Self-fulfilment - setting up a business from or alongside your job
The idea for a business start-up often arises from a person’s wish to realise their own concepts and ideas. Anyone who moves into self-employment as a previous employee opens up new opportunities, e.g. for greater decision-making freedom, more money, determining their own working hours and selecting staff. However, a start-up also comes with its own set of risks: responsibility for all business decisions, periods of no income, a lot of work at the expense of free time. Perhaps you don’t want to give up all that security all at once and would rather just “try out” self-employment? If that’s the case, setting up a sideline alongside your job might suit you.
Do you know why you want to set up your own business?
Do you have a creative idea and do you want to make real money with it? Are you looking for a better job or do you want to develop yourself and take on more responsibility as a manager? Are you still studying, unemployed or returning to work after parental leave? Or do your parents want you to take over their business, whilst you would rather do something completely different? The clearer you are about your reasons for wanting to set up your own business, the more focused you will be when you get started!
Young ideas - setting up whilst at school or college
People often come up with good ideas when they are still at school or college. So why don’t they pursue these ideas and opt self-employment when they are young? Young entrepreneurs can counterbalance shortcomings, such as a lack of professional experience and a lack of funds, with greater courage and good funding opportunities. In any event, get advice in advance to ensure that you take account of all the formalities required in your situation. You only stand to gain: no matter how successful your first business turns out to be, you will gain invaluable experience for life!

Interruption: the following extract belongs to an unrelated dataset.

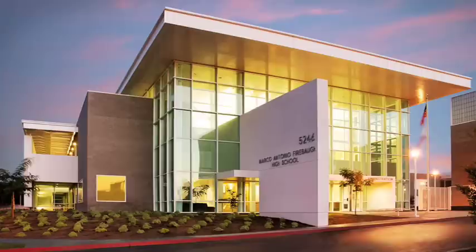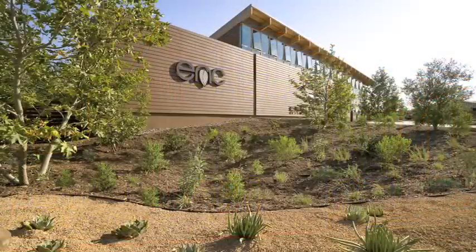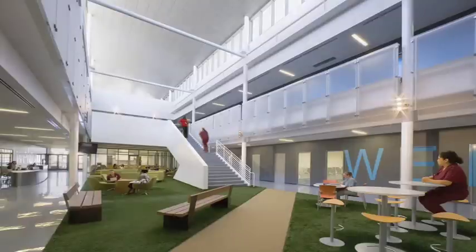Another thing that you absolutely should do is visit the architect's or designer's projects. You have to really go on site. There's nothing like being there and seeing how a project feels, how the environment relates to it, and what the landscaping is like, in order to really understand how sustainable the project is.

Tip: Funding for students and graduates
The EXIST start-up grant is one of the sources of funding available from the Federal Ministry for Economic Affairs and Energy (BMWi):
A new opportunity - starting up from unemployment
Being unemployed is no obstacle to setting up your own business! A business start-up can bring an end to unemployment and even create new jobs in the long term. The Employment Agency provides support to people in receipt of unemployment benefit I and II by means of the start-up grant or the integration bonus. If you set up your own business from the position of being unemployed, thorough preparation is essential to convince your contact that you are worthy of being granted funding.
Quote Carsten Grünewälder, Weighing Machine Engineer
- Carsten Grünewälder, Weighing Machine Engineer
I had been thinking about becoming self-employed for a long time. After all, I had enough professional experience, knew the market situation and had undertaken comprehensive personal development. However, it was only when I became unemployed in the middle of the 2009 economic crisis that I found the necessary motivation to set up my own business.
Following in someone else’s footsteps - setting up as a successor
Anyone wanting to step up to business succession has the advantage of being able to build on something that is well-established and the disadvantage of having to fill the void left by their predecessor. Whether you are taking over a company as an outsider, or as a son or daughter in the family business, a change of leadership is often accompanied by strong emotions for everyone involved. Focus on communication: be open about how you want to lead the company and allow others to help you so that the good times can continue.